Additionally, we are also alienating people by making things accessible only for certain groups. The same way Modernism (or specifically International Style) tries to impose their utopian ideals to their users, without taking in the consideration of what people actually wants and needs. Heck, even beauty ideals in different cultures can also be different.
Take a look in the way information architecture is presented and designed: In the West, the ideal way of presenting and communicating information is by presenting it in a minimalist, distraction-free manner. Less is more. Make it simple, take out all of the clutter. But this convention is not applicable in some of Asian countries: For instance, when Mozilla Firefox created localized landing pages for countries around the world, they referenced cultural sensibilities. The American site is minimal and clean with one clear CTA (call-to-action), whereas, the Chinese version has much more content — banners, news, and ads that fill all available space.
This is not due to stylistic trends but to the different degrees of individualism of each country. America is a highly individualistic society, and US users typically know what exactly they are searching for. In contrast, China is more of a communal society, where people are more interested to read what others are reading.
Language also plays a role in how users interact with information. Mozilla’s design strategist, Bram Pitoyo, hypothesizes why the Chinese Firefox website is so different: “Typing Chinese takes a long time and finding the precise word isn’t easy. Search sucks, so optimize for browsing.”

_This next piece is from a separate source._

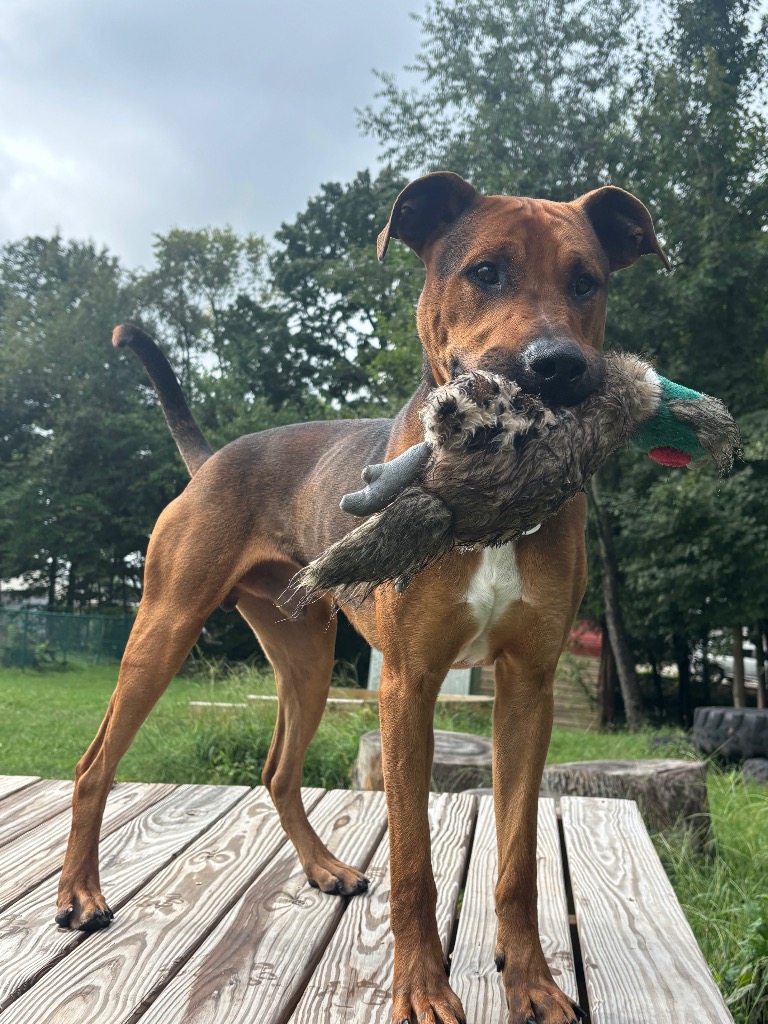 Jax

Not only that, one research also shows how different cultures vastly differ in how they consume information. In this example, Oban international partnered with Dell to test IA via eye tracking to see how different cultures navigate web pages. And the results were surprising.
First: Japanese users start reading the whole page from right-to-left; they also scan the content a few times (that’s why you see the swirl on the image).
Middle: UK users scan the content from left to right.
Last: Users in Canada pay more attention to the text in the hero banner.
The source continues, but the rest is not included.